Input data:
◆ ◆ ◆ ◆ ◆
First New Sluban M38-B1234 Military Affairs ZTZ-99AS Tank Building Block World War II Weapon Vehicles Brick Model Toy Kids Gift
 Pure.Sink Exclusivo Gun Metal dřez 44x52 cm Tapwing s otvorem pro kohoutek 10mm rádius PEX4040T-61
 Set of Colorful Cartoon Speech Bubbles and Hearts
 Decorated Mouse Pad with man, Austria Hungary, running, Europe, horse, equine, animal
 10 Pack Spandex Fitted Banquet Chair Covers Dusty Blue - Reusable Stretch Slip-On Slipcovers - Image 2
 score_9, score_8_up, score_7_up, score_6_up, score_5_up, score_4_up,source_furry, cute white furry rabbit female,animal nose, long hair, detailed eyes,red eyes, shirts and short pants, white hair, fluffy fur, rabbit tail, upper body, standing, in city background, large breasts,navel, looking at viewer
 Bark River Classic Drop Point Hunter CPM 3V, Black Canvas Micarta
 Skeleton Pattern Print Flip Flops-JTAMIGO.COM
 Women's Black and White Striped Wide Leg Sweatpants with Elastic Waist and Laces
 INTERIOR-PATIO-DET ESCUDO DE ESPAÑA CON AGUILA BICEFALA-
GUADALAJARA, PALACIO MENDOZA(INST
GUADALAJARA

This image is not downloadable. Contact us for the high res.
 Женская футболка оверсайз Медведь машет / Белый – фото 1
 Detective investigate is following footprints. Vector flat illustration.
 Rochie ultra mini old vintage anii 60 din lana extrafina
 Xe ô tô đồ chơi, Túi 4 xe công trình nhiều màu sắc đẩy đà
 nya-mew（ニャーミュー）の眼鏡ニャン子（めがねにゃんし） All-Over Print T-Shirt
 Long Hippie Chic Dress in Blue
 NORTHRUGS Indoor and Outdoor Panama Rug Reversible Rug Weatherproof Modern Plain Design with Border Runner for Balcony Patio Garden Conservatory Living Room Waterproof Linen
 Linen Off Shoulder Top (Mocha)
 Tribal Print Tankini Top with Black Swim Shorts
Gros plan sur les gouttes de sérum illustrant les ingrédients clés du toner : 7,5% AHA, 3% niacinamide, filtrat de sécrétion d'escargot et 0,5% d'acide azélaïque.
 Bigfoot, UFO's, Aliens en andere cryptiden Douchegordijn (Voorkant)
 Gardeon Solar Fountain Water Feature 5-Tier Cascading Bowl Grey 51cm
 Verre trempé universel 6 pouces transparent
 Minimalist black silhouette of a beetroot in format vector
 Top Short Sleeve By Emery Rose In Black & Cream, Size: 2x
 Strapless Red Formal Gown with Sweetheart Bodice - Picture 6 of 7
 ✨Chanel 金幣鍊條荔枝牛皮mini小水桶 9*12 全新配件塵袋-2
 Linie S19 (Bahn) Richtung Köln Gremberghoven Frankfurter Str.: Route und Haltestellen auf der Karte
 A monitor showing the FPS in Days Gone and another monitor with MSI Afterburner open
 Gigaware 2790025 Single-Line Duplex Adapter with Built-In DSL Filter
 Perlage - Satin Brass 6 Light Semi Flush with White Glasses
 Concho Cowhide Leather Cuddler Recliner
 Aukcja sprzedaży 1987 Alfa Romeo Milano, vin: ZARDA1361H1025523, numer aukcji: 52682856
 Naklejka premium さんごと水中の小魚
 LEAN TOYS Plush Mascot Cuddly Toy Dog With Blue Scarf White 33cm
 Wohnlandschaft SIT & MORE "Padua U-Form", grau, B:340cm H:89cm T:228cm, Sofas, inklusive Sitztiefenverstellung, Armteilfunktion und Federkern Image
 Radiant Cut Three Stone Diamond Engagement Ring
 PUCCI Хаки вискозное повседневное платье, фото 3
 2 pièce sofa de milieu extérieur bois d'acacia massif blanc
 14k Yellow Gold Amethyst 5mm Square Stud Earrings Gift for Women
◆ ◆ ◆ ◆ ◆
Assignment:
Nothing but the lines from the line with "Long Hippie Chic Dress in Blue" to the last line of the listing above should appear; please retype them exactly, both ends included.

Response to this task:
 Long Hippie Chic Dress in Blue
 NORTHRUGS Indoor and Outdoor Panama Rug Reversible Rug Weatherproof Modern Plain Design with Border Runner for Balcony Patio Garden Conservatory Living Room Waterproof Linen
 Linen Off Shoulder Top (Mocha)
 Tribal Print Tankini Top with Black Swim Shorts
Gros plan sur les gouttes de sérum illustrant les ingrédients clés du toner : 7,5% AHA, 3% niacinamide, filtrat de sécrétion d'escargot et 0,5% d'acide azélaïque.
 Bigfoot, UFO's, Aliens en andere cryptiden Douchegordijn (Voorkant)
 Gardeon Solar Fountain Water Feature 5-Tier Cascading Bowl Grey 51cm
 Verre trempé universel 6 pouces transparent
 Minimalist black silhouette of a beetroot in format vector
 Top Short Sleeve By Emery Rose In Black & Cream, Size: 2x
 Strapless Red Formal Gown with Sweetheart Bodice - Picture 6 of 7
 ✨Chanel 金幣鍊條荔枝牛皮mini小水桶 9*12 全新配件塵袋-2
 Linie S19 (Bahn) Richtung Köln Gremberghoven Frankfurter Str.: Route und Haltestellen auf der Karte
 A monitor showing the FPS in Days Gone and another monitor with MSI Afterburner open
 Gigaware 2790025 Single-Line Duplex Adapter with Built-In DSL Filter
 Perlage - Satin Brass 6 Light Semi Flush with White Glasses
 Concho Cowhide Leather Cuddler Recliner
 Aukcja sprzedaży 1987 Alfa Romeo Milano, vin: ZARDA1361H1025523, numer aukcji: 52682856
 Naklejka premium さんごと水中の小魚
 LEAN TOYS Plush Mascot Cuddly Toy Dog With Blue Scarf White 33cm
 Wohnlandschaft SIT & MORE "Padua U-Form", grau, B:340cm H:89cm T:228cm, Sofas, inklusive Sitztiefenverstellung, Armteilfunktion und Federkern Image
 Radiant Cut Three Stone Diamond Engagement Ring
 PUCCI Хаки вискозное повседневное платье, фото 3
 2 pièce sofa de milieu extérieur bois d'acacia massif blanc
 14k Yellow Gold Amethyst 5mm Square Stud Earrings Gift for Women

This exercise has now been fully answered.